*** Opening Given data ***

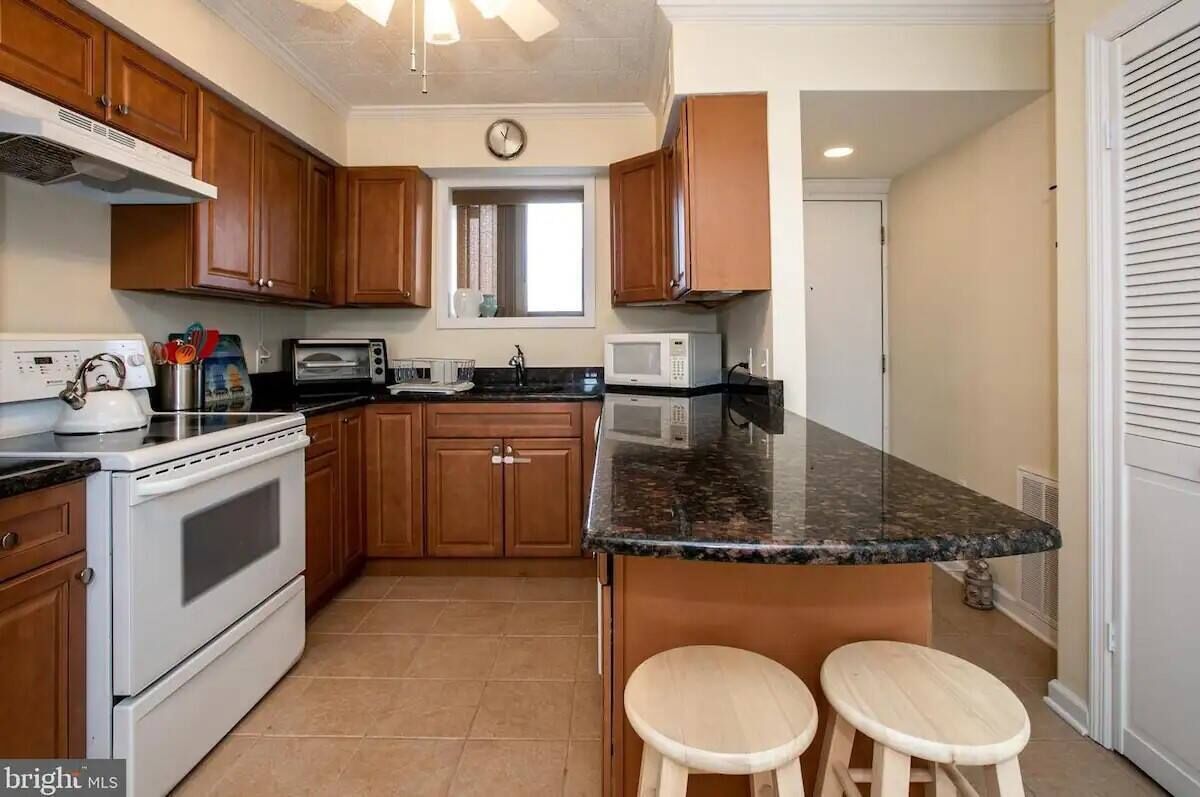 冷蔵庫、電子レンジ、オーブン、コンロ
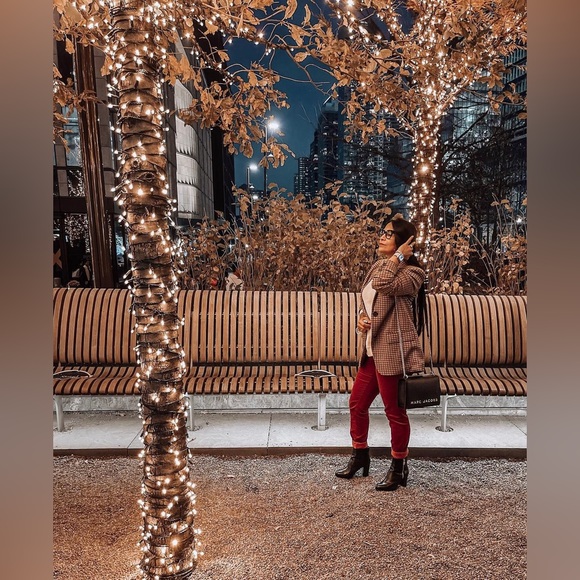 Welcome to our closet - Picture 3 of 11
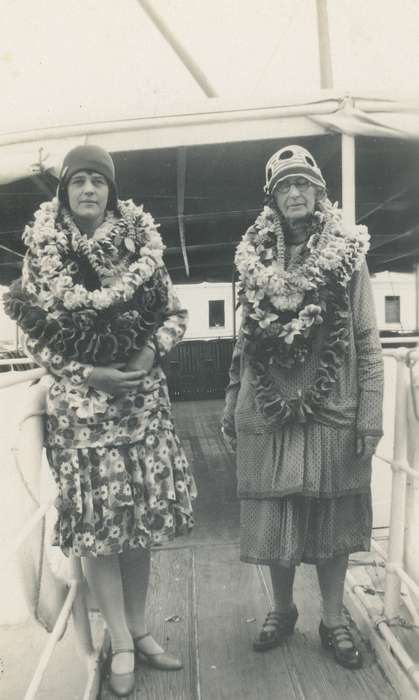 Portraits - Group, Travel, history of Iowa, women, Iowa History, flower necklace, Iowa, boat, correct date needed, Waverly Public Library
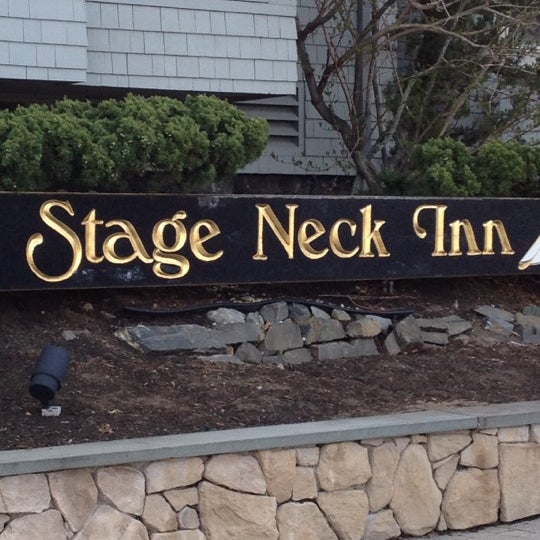 รูปภาพถ่ายที่ Stage Neck Inn โดย Joanne S. เมื่อ 4/10/2012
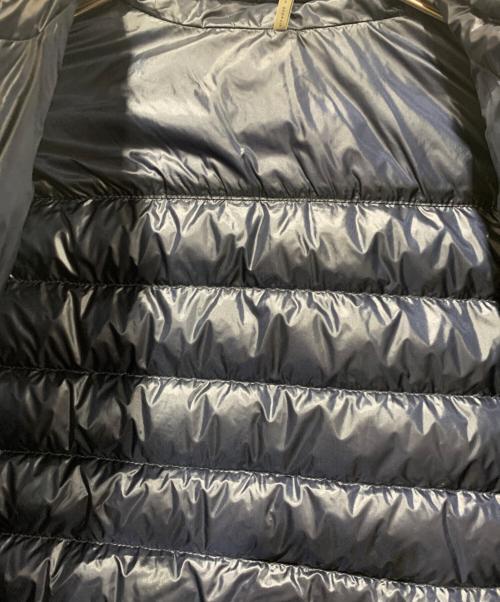 MONCLER（モンクレール）MONCLER (モンクレール) ライトダウンジャケット ネイビー サイズ:SIZE 3の古着・服飾アイテム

*** Closing Given data ***

Work instructions –
The lines to copy begin at the one containing "Portraits - Group, Travel, history" and end at the last line of the records. Set down exactly those lines and no others, both ends included, and omit all pictures.

Answer area –
 Portraits - Group, Travel, history of Iowa, women, Iowa History, flower necklace, Iowa, boat, correct date needed, Waverly Public Library
 รูปภาพถ่ายที่ Stage Neck Inn โดย Joanne S. เมื่อ 4/10/2012
 MONCLER（モンクレール）MONCLER (モンクレール) ライトダウンジャケット ネイビー サイズ:SIZE 3の古着・服飾アイテム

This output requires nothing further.